Tout comme Rygar, God Of War nous plonge dans la Grèce antique, où le temps était suspendu au bon vouloir des dieux. Pourtant, le titre de Sony met tout de suite les points sur les i. Nous allons bien côtoyer les dieux, mais l'univers dépeint dans le jeu sera très loin d'être aussi reluisant que celui de l'Iliade. Ainsi, la mise en scène joue clairement avec les éclairages pour faire naître en nous une certaine suspicion à chaque apparition d'un dieu, qu'il s'agisse d'Athena, de Zeus, d'Artemis ou d'Ares. D'ailleurs le titre du jeu est directement lié au dernier dieu susnommé. Sans tout vous dévoiler, God Of War nous conte les aventures épiques de Kratos, l'anti-héros par excellence, qui va devoir entreprendre un long voyage afin de terrasser le dieu de la guerre lui-même. Pourquoi donc ?... Vous le découvrirez bien assez tôt.
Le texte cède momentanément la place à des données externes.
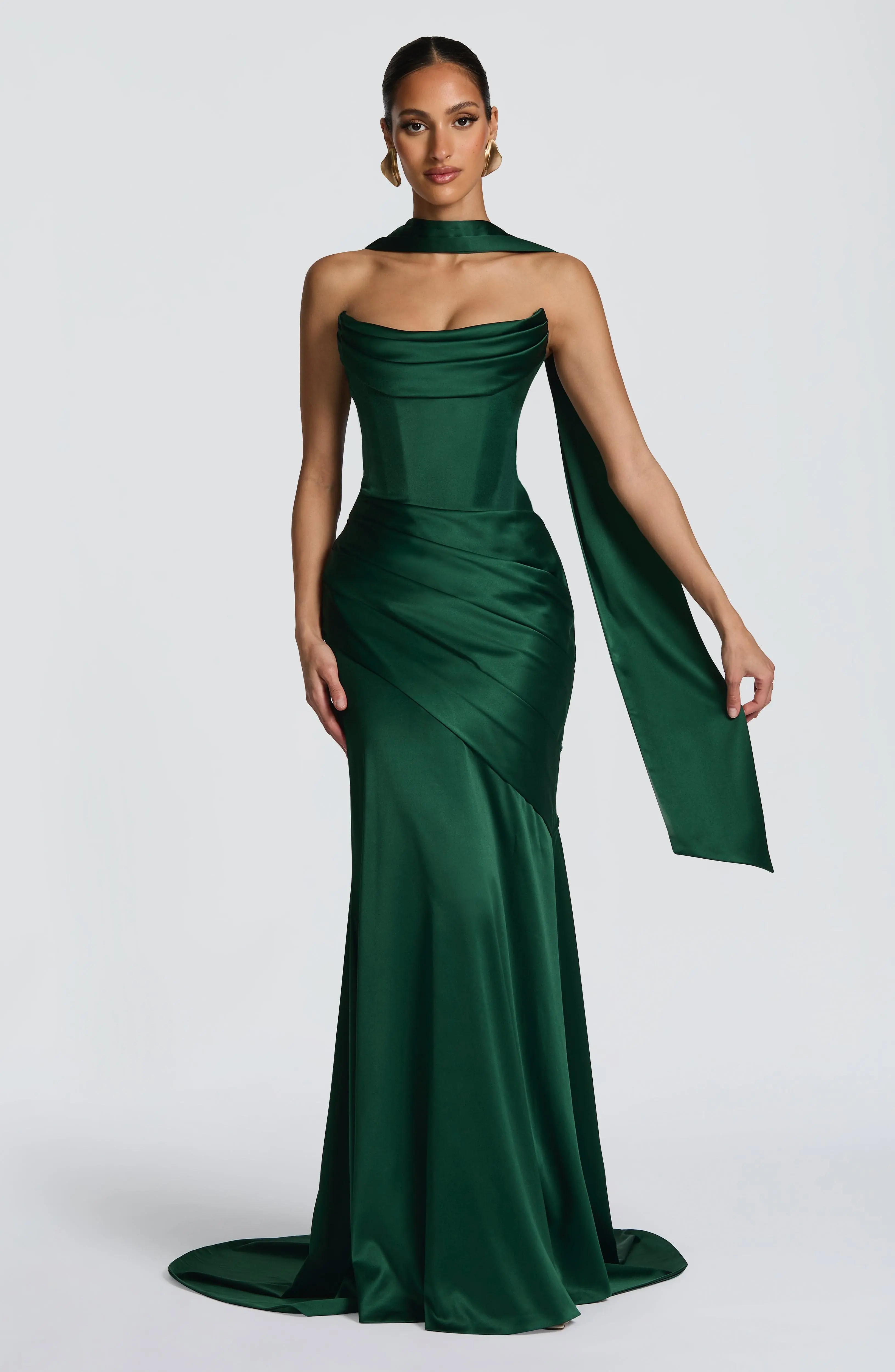 Sybil Scarf - Emerald - Image 2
Kratos est clairement défini comme un être abject qui n'a jamais vécu que pour lui-même sans rien attendre des autres. Il est donc très intéressant de diriger un tel anti-héros, d'autant qu'au fur et à mesure de l'aventure on se plaît à le huer pour son absence de moralité, sa perversité, sa soif de sang et son désintéressement total pour la misère humaine. Une scène illustre d'ailleurs très bien la mentalité de Kratos qui devra à un moment dénicher une clé pour poursuivre son périple. Après bien des batailles il la trouvera accrochée au cou d'un ancien compagnon bien mal en point qui le remerciera d'être venu à son secours. La scène pourrait être banale sauf que l'issue de cette dernière est d'une grande froideur, Kratos s'emparant de ladite clé mais laissant pourrir son vieux compagnon d'armes dans les entrailles d'un monstre. Aucun remord, aucun regard en arrière, le ton est donné d'autant que ce passage se situe au tout début du jeu, bien qu'il trouve un écho à la fin de l'aventure d'une façon tout aussi perverse et jouissive. Par la suite, de multiples flashbacks nous en apprendront un peu plus sur le passé de Kratos, sur son statut ou sur ses relations avec Ares.
La mise en scène joue un rôle très important dans God Of War. Ainsi, la première cinématique nous montre Kratos, deux semaines avant les événements que nous allons vivre, sur le sommet d'une montagne. Complètement désoeuvré, nous voyons l'homme avancer dans le vide et se jeter dans des abîmes glaciaux où seule la Mort semble l'attendre. Fondu au noir, retour en arrière, le jeu débute. Cette première scène est très intéressante dans le sens où elle semble nous faire comprendre que quoi que nous fassions, une seule issue est envisageable. Sony réussit donc avec cette séquence à appâter le chaland, à lui donner une petite tape dans le dos tout en lui faisant prendre la manette pour lui faire connaître les conséquences d'une telle destinée.
Il sera également de bon ton de féliciter les artistes de SCEA qui ont truffé le jeu de cinématiques en CG aussi esthétisantes que celles d'une production Oddworld Inhabitants, Square Enix ou Pixar. L'outil est maîtrisé et la beauté de ces séquences atteindra son paroxysme dans un flashback guerrier qui nous montre une bataille digne des plus impressionnantes joutes du Seigneur des Anneaux. Hormis le côté imposant de la scène, c'est bien sa réalisation qui s'avère bluffante. Mélangeant l'esthétique d'un tableau de maître et la technique du morphing, le tout oscille entre la peinture rupestre et les enluminures tapissant les murs des temples grecs. Magnifiée par la couleur rouge sang et de superbes jeux d'ombre, cette scène synthétise parfaitement tout ce qui constitue God Of War : le savoir-faire, la beauté et la barbarie.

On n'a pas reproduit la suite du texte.